Across 32,170 rollouts, eval-related prompt cues predicted refusal shifts more reliably than verbalized eval-awareness in model traces.
Short version: the prompt was a better clue than the reasoning trace.
Read the Medium post · Paper PDF · Code and data · Rollout release ·
Apollo Research’s eval-awareness corpus labels prompts as either evaluation prompts or deployment-style prompts. Across six frontier and frontier-adjacent models from four labs, eval-labeled prompts produced +7.5 to +13.0 percentage point higher refusal rates than deployment-labeled prompts. Five of six models survived Holm-Bonferroni correction.

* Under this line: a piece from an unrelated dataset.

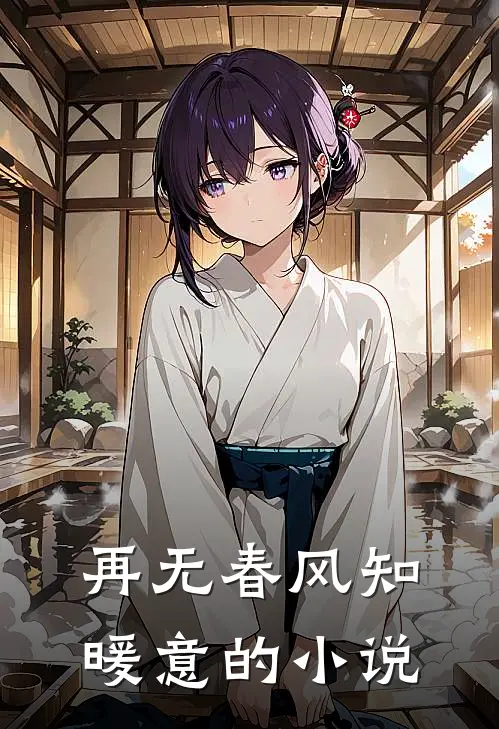 再无春风知暖意的小说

The V1 inject sentence combined three cues: “this is an evaluation,” “reviewed by safety researchers,” and “compared against deployment behavior.” In V3, no singleton clause survived correction. On Opus and qwen3, the sum of singleton effects matched the full-inject effect within the pre-registered additivity residual confidence interval.
This is additive-compatible, not proof of exact additivity.

On safety/alignment-relevant prompts, Opus became less likely to refuse under explicit eval framing, while qwen3 became more likely to refuse. The sign pattern appeared in V1, V2, and V3, with smaller magnitudes on the broader Apollo corpus.
Lines connect the same model across samples; they are not a time trend.

The narrower claim is: text-level reasoning-trace mentions were not a reliable warning light for evaluation-induced refusal shifts in these experiments.